The start of a new season
As a few of you will know, there is one thing that really gets my heart racing, and that is sharing my love of the beavers with others. Whether it is taking people to the river, giving talks to school kids or just generally speaking to complete strangers, my passion for it is there to see. The look on people’s faces when they see the beaver for the first time is truly incredible and the obvious joy and wonderment in that first sighting really makes my heart soar. In truth, there is nothing to beat the sharing of that encounter with others, though private and personal evenings are equally joyous.

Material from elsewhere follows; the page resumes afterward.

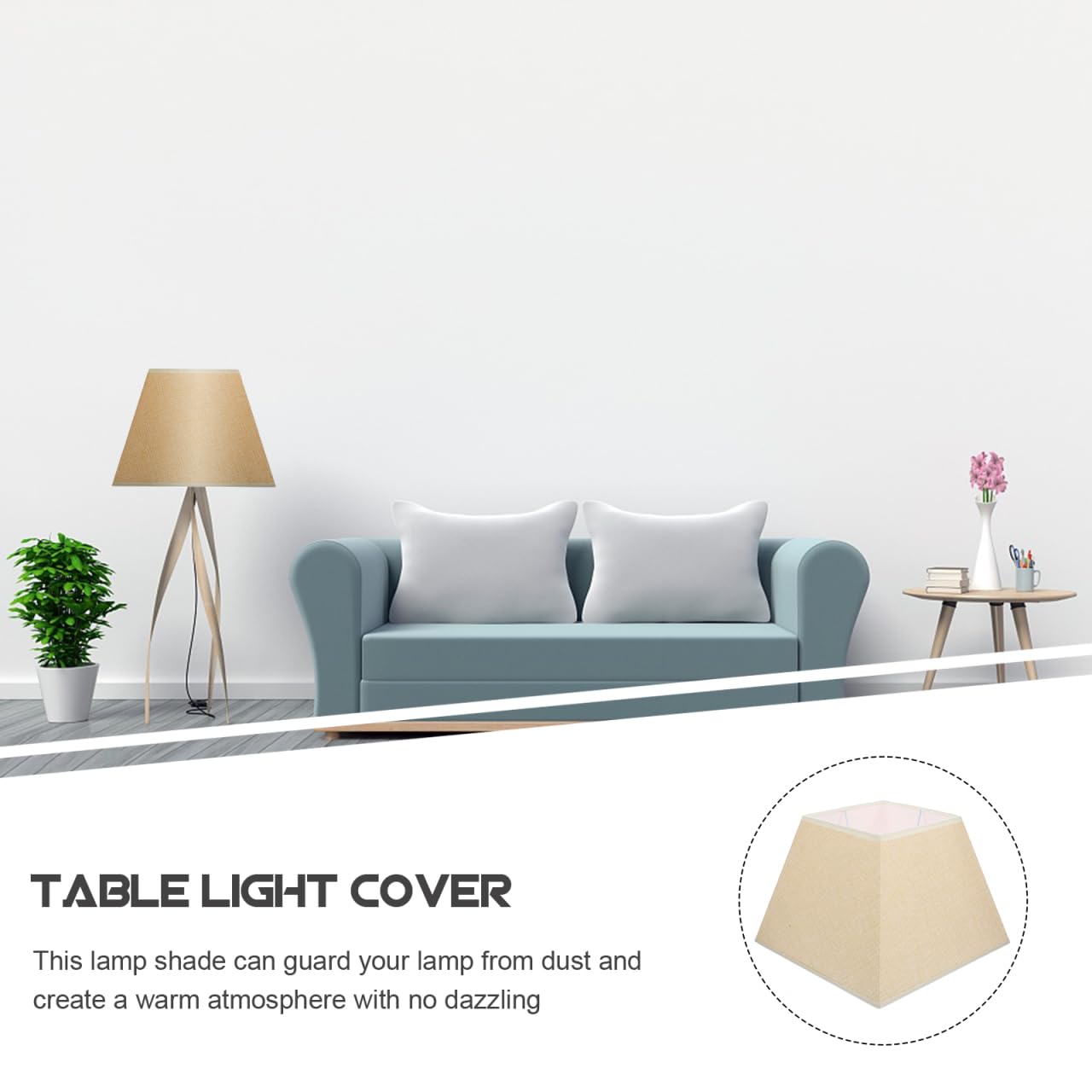 HOMSFOU Pantalla De Tela Cuadrada De Lino Para Lámpara De Mesa Lámpara De Accesorio De Cubierta De Pantalla Para Iluminación De Dormitorio o Sala De Estar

On Thursday the 12th March, I took a wee wander with my pup down to the river, 1st time I’ve been down for some time to be honest. Previous escapades have resulted in blanks and a feeling of worry as the lodge/burrow has been made very obvious due to flooding and the scouring of the bank. This resulted in quite a few of the trees and bushes protecting the lodge being either flattened or ripped out altogether. This, plus the fact I hadn’t seen either the resident family or obvious feeding stations started me thinking the worse. The local farmer is not a major fan either and I honestly was beginning to think I’d lost my family of beavers to one thing or the other. So, it was with a wee bit of trepidation and no-hope, we wandered down to the river. The day had been a particular warm one, if not a bit on the damp side and the Ericht was running high due to the obvious rainfall and snow- melt. Typical to my luck at present, I’d forgotten to take a camera, and how I cursed myself after reaching the lade! There, only feet from me, were 2 adult beavers taking shelter from the river in the slow running water of the old mill lade. To say it was a double edged sword is pointing out the obvious, as I saw the beasties but had no way of sharing the experience. I was gutted as much as I was excited but (“every cloud” as Tina says) it gave me the wee jolt I was needing, they were still there, they were still alive. Quality.com 🙂 Granted, they didn’t hang about long but I still got a few moments watching them. The bigger of the 2 (mum I think) was pretty laid back until the smaller adult decided enough was enough and gave me a very impressive tail-splash, mum followed suit, but it seemed to be a half-hearted affair. Over the years watching this family, mum seems to be quite a chilled out animal apart from when the kits appear, then she is a bit more “on point” as my eldest would say.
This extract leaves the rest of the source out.